The pool package opens and closes connections automatically. R users establish a connection to a pool. From then on pool gives the query an idle connection or opens a new connection. Besides simplifying client code, pooled connections can also provide a performance boost. To illustrate, I wrote a sample workload consisting of three queries. Next, I wrote a function to execute the queries using dbConnect/dbDisconnect, and a function to execute the queries using a pool.

library(pool)
library(microbenchmark)
library(ggplot2)
queries <- c("SELECT Getdate()","Select Getdate()","Select Getdate()","Select Getdate()")
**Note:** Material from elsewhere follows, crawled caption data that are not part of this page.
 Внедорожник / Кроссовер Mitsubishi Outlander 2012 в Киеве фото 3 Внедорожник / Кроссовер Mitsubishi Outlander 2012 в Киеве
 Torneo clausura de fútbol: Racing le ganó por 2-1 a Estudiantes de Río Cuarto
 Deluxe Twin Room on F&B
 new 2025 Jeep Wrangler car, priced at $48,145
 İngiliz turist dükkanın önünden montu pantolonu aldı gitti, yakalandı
dbconnectworkload <- function() {
 for(i in 1:length(queries)){
   con <- dbConnect(odbc::odbc(),Driver= myDriver,Server = myServer
                   ,Database = myDatabase,Trusted_Connection='yes')
  dbGetQuery(con,queries[i])
  dbDisconnect(con)
 }
}  

poolcon <- dbPool(odbc::odbc(),Driver= myDriver,Server = myServer
                  ,Database = myDatabase,Trusted_Connection='yes')
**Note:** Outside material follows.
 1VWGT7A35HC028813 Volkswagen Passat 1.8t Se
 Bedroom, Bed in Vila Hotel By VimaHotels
dbpoolworkload <- function() {
 for(i in 1:length(queries)){dbGetQuery(poolcon,queries[i])}
}

rs <- microbenchmark(dbconnectworkload() 
                    ,dbpoolworkload(),times = 100)

rs<-as.data.frame(rs)
rs$time <- rs$time/1000000
names(rs) <- c("Connection_Type","Milliseconds")
ggplot(rs, aes(x=Connection_Type, y=Milliseconds , fill=Connection_Type)) +
 geom_boxplot(alpha=0.4) +
    theme(text = element_text(size=16))

The pooled function connection appears to be faster. Profvis shows that most of the time spent in dbconnectworkload is on opening connections.

library(profvis)

profvis({dbconnectworkload ()})